*** Block opens ***

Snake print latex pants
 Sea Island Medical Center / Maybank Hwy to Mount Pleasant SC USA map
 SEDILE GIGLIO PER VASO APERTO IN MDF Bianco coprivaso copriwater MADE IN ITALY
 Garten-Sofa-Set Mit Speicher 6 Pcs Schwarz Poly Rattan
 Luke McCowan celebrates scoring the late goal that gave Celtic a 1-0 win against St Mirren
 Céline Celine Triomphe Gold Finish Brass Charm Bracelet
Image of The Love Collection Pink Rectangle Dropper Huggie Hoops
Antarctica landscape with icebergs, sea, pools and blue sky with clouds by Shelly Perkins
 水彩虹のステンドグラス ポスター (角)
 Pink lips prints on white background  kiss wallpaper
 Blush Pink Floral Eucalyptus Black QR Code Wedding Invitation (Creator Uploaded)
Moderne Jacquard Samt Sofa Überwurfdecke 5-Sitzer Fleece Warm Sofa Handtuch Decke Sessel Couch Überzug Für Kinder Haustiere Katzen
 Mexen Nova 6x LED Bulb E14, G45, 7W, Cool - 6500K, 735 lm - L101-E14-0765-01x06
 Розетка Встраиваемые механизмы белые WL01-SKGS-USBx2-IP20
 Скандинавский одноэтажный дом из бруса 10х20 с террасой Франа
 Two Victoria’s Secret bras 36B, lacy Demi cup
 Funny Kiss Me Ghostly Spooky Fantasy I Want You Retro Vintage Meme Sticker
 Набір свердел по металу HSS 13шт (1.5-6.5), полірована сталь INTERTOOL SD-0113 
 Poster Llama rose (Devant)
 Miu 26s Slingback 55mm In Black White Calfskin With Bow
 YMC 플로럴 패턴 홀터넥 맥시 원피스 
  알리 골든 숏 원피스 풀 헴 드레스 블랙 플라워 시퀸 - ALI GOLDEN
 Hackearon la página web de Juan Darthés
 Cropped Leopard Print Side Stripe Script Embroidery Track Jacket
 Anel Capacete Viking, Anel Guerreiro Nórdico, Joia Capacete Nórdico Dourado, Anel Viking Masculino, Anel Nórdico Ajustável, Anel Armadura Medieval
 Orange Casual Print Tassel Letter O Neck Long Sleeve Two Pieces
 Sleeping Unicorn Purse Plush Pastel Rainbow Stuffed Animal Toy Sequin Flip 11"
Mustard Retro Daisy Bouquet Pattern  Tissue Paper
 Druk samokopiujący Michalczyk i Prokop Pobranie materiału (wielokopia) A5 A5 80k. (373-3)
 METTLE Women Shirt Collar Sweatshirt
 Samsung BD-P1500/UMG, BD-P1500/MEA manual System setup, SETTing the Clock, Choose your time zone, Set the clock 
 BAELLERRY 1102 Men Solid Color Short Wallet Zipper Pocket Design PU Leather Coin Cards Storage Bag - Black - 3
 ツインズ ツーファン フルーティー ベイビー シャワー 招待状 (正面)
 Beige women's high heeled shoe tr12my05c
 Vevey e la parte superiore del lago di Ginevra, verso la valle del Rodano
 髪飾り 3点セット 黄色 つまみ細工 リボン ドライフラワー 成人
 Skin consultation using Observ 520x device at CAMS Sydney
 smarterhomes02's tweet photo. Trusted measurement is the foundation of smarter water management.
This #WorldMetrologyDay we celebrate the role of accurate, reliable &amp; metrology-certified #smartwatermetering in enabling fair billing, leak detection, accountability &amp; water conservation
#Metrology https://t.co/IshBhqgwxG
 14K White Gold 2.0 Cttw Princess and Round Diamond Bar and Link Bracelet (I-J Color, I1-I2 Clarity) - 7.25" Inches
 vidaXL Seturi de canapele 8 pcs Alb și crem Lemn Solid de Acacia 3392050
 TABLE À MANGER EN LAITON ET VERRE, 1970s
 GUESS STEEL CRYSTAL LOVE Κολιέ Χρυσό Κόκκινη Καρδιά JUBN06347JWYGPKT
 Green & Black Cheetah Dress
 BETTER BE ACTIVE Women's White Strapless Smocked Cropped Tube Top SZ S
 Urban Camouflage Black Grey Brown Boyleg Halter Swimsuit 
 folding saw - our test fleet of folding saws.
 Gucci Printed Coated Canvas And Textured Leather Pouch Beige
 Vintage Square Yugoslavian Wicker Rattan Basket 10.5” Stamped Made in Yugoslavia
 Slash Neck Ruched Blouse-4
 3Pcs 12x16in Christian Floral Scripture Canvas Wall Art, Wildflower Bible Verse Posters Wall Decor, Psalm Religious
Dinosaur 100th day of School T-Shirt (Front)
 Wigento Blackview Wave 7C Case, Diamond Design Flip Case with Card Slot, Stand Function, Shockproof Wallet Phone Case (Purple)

*** Block closes ***

[TASK TO COMPLETE]: In the listing above, find the line with "Sea Island Medical" and the line with "Blush Pink Floral", then print exactly those two lines and every line between them, and nothing more.

[TASK OUTPUT]:
 Sea Island Medical Center / Maybank Hwy to Mount Pleasant SC USA map
 SEDILE GIGLIO PER VASO APERTO IN MDF Bianco coprivaso copriwater MADE IN ITALY
 Garten-Sofa-Set Mit Speicher 6 Pcs Schwarz Poly Rattan
 Luke McCowan celebrates scoring the late goal that gave Celtic a 1-0 win against St Mirren
 Céline Celine Triomphe Gold Finish Brass Charm Bracelet
Image of The Love Collection Pink Rectangle Dropper Huggie Hoops
Antarctica landscape with icebergs, sea, pools and blue sky with clouds by Shelly Perkins
 水彩虹のステンドグラス ポスター (角)
 Pink lips prints on white background  kiss wallpaper
 Blush Pink Floral Eucalyptus Black QR Code Wedding Invitation (Creator Uploaded)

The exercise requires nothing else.